▶ Extracted data
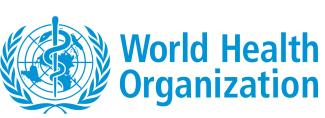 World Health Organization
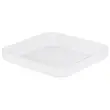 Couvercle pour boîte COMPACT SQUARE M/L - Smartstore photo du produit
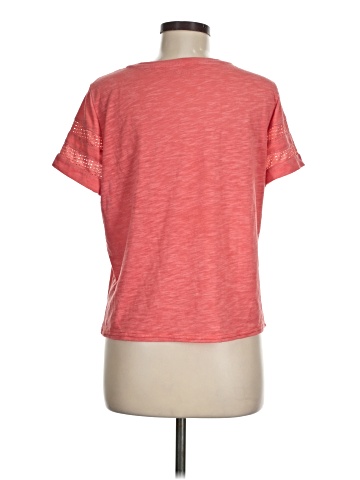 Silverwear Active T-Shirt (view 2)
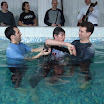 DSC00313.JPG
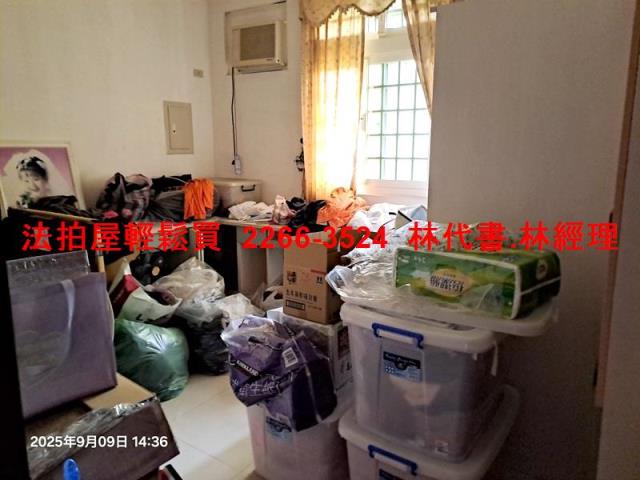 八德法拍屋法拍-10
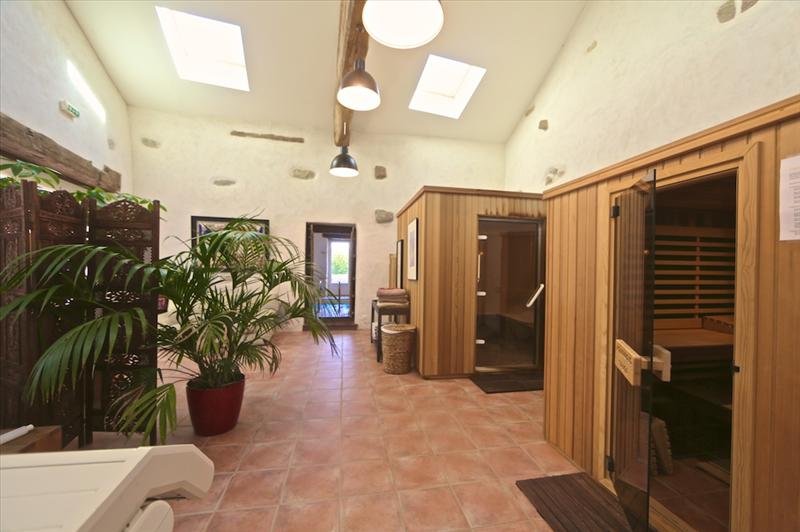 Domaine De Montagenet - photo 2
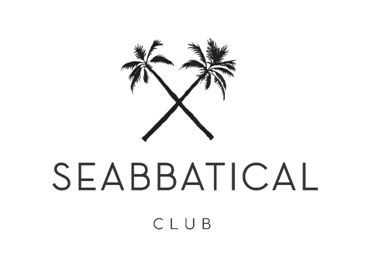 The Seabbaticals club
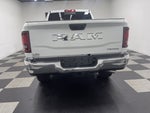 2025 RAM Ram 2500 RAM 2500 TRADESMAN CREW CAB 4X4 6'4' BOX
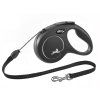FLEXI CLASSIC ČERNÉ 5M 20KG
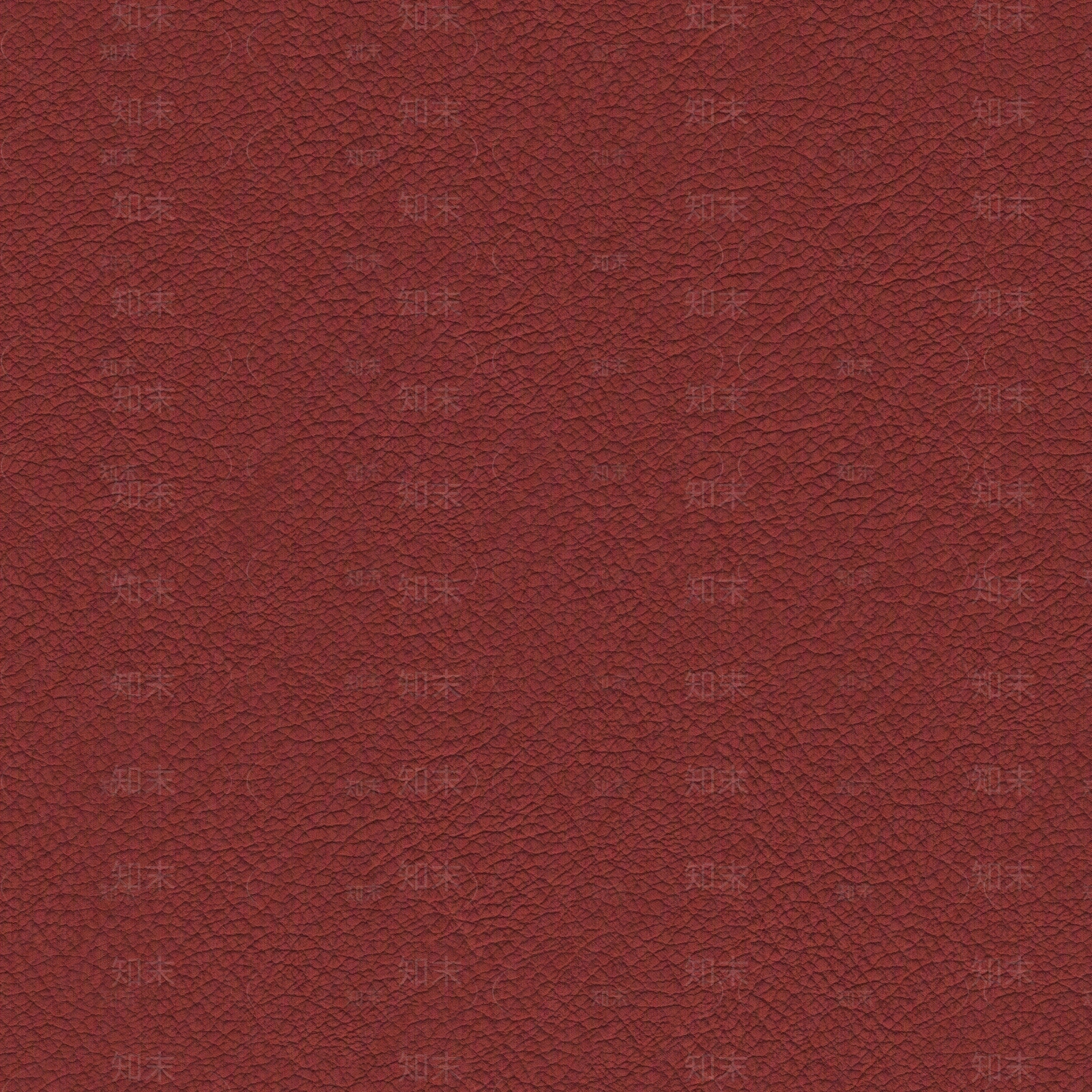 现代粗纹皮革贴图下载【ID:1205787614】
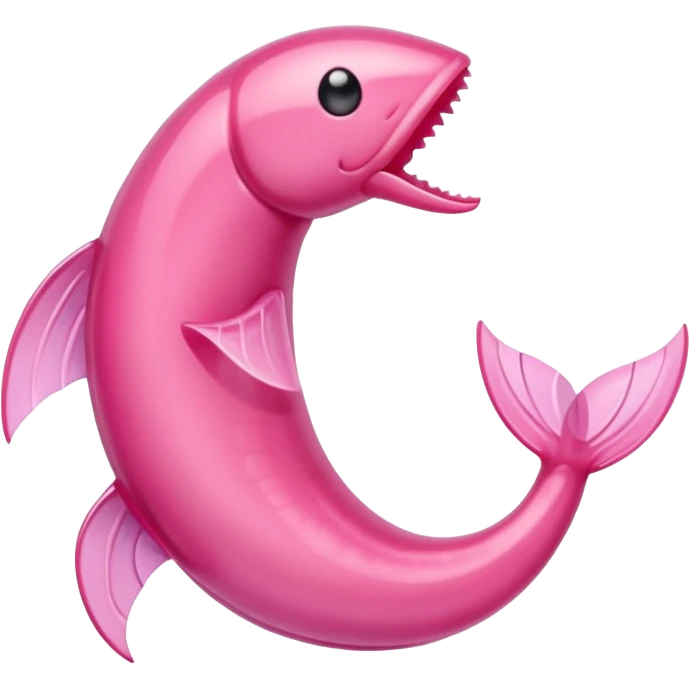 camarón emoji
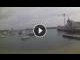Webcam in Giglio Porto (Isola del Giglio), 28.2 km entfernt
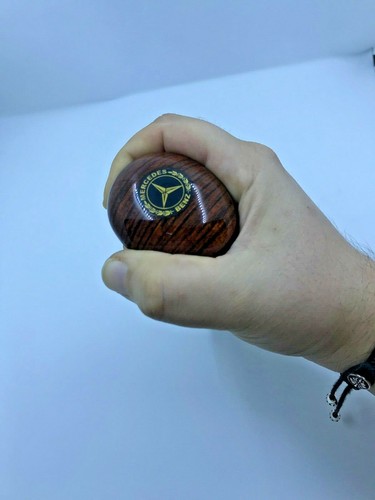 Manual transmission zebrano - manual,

▶ Problem
Where a record holds a picture, leave the picture out and restate the rest word for word.

▶ Solved problem
 World Health Organization
 Couvercle pour boîte COMPACT SQUARE M/L - Smartstore photo du produit
 Silverwear Active T-Shirt (view 2)
 DSC00313.JPG
 八德法拍屋法拍-10
 Domaine De Montagenet - photo 2
 The Seabbaticals club
 2025 RAM Ram 2500 RAM 2500 TRADESMAN CREW CAB 4X4 6'4' BOX
FLEXI CLASSIC ČERNÉ 5M 20KG
 现代粗纹皮革贴图下载【ID:1205787614】
 camarón emoji
Webcam in Giglio Porto (Isola del Giglio), 28.2 km entfernt
 Manual transmission zebrano - manual,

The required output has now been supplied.